All’interno del “Comitato Scienza & Vita”, prima, e dell’Associazione poi, figura anche l’onorevole Carlo Casini. Casini cominciò la sua attività associativa all’interno dell’Azione Cattolica e, successivamente, nel 1975 fondò il primo “Centro di Aiuto alla Vita” (CAV) a Firenze, per aiutare la lotta contro l’aborto volontario. Come si legge sullo stesso sito di questo CAV, l’esigenza della nascita di questi organismi era dovuta alla “campagna radical-femminista” che, per loro, porterà alla legge 194 del 1978 sull’aborto sicuro, legale e volontario. Nel 1980 fu, poi, creata la prima associazione prolife italiana che raggruppò in sé tutti i CAV sorti in Italia man mano. Si tratta del “Movimento per la Vita”, di cui Casini fu presidente per ben venticinque anni, dal 1990 al 2015. Contemporaneamente, a partire dalla promulgazione della legge 194, Casini decise di entrare in politica e si candidò con la Democrazia Cristiana, divenendo deputato italiano dal 1979 al 1994. In più, dal 1984 fino al 1999 e poi dal 2005 a oggi, è stato ed è parlamentare europeo. Con quest’ultima carica, fu persino membro della delegazione dell’Unione Europea alla Conferenza Internazionale sulla Popolazione e lo Sviluppo (di cui ho già parlato qui).
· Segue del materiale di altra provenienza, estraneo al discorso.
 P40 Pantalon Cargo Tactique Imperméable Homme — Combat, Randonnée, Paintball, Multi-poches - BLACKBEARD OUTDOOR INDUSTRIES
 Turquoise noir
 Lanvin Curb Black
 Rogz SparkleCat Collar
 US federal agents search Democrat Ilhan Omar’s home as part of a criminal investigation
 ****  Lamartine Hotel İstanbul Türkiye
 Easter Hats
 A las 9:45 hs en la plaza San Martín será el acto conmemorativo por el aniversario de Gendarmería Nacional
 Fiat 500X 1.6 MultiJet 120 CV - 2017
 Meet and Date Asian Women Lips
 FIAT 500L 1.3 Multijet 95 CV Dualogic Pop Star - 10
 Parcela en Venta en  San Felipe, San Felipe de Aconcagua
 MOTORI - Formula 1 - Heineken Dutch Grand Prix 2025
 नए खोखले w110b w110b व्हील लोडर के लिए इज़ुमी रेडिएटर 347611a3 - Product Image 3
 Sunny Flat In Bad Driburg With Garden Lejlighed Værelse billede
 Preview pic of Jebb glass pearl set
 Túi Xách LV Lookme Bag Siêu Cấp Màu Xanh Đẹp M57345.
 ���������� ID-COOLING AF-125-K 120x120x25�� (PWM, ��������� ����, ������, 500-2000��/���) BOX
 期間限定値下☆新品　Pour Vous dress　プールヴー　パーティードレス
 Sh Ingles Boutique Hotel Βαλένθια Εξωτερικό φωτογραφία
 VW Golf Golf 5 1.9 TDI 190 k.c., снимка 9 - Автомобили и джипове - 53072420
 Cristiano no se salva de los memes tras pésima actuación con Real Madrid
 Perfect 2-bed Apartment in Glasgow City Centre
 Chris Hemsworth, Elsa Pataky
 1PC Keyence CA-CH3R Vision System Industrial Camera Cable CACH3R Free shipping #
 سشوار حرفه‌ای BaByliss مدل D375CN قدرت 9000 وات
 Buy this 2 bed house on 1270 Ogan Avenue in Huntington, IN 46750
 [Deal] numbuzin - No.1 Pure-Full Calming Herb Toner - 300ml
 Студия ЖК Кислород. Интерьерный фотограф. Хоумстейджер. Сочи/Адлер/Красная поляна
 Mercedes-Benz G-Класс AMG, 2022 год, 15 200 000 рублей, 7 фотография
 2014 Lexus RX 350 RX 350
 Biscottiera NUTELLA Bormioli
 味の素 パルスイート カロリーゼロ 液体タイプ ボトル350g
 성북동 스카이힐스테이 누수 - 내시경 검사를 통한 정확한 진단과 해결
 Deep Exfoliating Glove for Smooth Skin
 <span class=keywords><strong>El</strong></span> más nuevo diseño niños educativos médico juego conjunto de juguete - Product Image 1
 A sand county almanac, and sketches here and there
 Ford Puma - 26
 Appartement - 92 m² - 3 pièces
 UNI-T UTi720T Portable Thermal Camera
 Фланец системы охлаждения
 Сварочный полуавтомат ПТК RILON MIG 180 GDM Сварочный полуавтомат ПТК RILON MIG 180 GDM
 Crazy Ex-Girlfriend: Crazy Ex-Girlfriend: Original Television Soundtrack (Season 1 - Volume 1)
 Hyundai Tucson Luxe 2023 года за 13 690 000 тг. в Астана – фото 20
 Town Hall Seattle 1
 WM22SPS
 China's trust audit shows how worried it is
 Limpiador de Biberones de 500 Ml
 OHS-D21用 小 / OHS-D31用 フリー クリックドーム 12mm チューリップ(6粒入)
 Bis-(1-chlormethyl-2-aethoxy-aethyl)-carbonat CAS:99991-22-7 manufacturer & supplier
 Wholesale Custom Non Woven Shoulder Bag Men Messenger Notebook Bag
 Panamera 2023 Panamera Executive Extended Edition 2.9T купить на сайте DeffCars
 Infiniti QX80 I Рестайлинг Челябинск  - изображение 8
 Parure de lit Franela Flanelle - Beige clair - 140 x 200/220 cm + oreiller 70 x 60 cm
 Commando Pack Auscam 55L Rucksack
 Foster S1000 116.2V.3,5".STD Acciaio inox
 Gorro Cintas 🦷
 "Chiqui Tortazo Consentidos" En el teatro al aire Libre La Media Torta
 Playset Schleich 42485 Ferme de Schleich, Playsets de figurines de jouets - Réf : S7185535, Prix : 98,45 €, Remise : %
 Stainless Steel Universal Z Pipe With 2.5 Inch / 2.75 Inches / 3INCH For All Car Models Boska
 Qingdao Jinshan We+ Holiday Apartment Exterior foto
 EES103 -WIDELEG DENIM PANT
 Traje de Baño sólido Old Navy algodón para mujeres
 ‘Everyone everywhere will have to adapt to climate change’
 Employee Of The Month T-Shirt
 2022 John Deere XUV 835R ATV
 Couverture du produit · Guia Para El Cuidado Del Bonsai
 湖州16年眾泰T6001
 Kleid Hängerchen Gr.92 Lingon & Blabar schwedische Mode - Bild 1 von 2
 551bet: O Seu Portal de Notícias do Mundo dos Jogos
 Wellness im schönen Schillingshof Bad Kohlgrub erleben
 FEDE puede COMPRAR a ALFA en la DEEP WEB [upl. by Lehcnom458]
Il “Movimento per la Vita”, si legge sul loro sito, è la “Federazione degli oltre seicento movimenti locali, Centri e servizi di aiuto alla vita e Case di accoglienza attualmente esistenti in Italia”. Ciò nonostante, a sua volta, la “Federazione” fa parte del “Forum delle Associazioni Familiari”, che ingloba diverse realtà cattoliche, come si può vedere qui. Fondato nel 1992 per la difesa della famiglia tradizionale in Italia, grazie all’apporto di Casini che fu, poi, anche membro del direttivo, il Forum è presente nella rete europea “Fédération des Associations Familiales Catholiques en Europe”, creata nel 1997 per difendere, come si può intuire, la famiglia tradizionale, ma in Europa. Luisa Santolini, nel 2005 presidente del Forum, fece parte del “Comitato Scienza & Vita”, così come gran parte dei presidenti delle associazioni cattoliche inglobate nelle micro e macro reti cattoliche.

Nella sua rubrica dedicata alla Chiesa sul giornale L’Espresso, il giornalista Sandro Magister scrisse già nel 2002 a proposito del “Forum delle Associazioni Familiari” e dell’associazionismo cattolico che non nasce per “iniziativa” della gerarchia ecclesiastica. Non si frenò nel definire il lavoro di alcuni enti vero e proprio “lobbying” all’americana, che lavora su campi e obiettivi mirati, facendo pressioni su chiunque:

Come il Forum ci sono il Movimento per la vita, l’Associazione dei genitori, la Compagnia delle opere. Non sono associazioni generaliste, ma operano su campi e obiettivi mirati. Non nascono per iniziativa della gerarchia, ma per spontaneo convergere di interessi. Non eleggono un proprio partito, ma fanno pressing su tutti. Il modello è più americano che italiano.

Nel 2011, infatti, Carlo Casini attaccò addirittura il videogioco The Sims, simulatore di vita reale, perché permetteva il matrimonio e le adozioni da parte di persone dello stesso sesso. Dunque, tentò di vietarne la vendita ai minori, così come avviene con i film pornografici. Potete leggere qualcosa qui. Allo stesso tempo, uno dei tanti trait d’union tra la legge 40 e le unioni degli omosessuali lo si trova in alcune dichiarazioni al limite della truffa intellettuale, ovviamente rilasciate da esponenti cattolici. L’idea principale sarebbe quella per cui, essendo stata demolita quasi tutta la legge, si darebbe il via alla gestazione per altri. A quel punto, come la così detta “teoria del gender”, anche le unioni civili non sarebbero che un “cavallo di Troia”. Questo delirio infondato lo ha, ovviamente, ribadito anche Paola Binetti.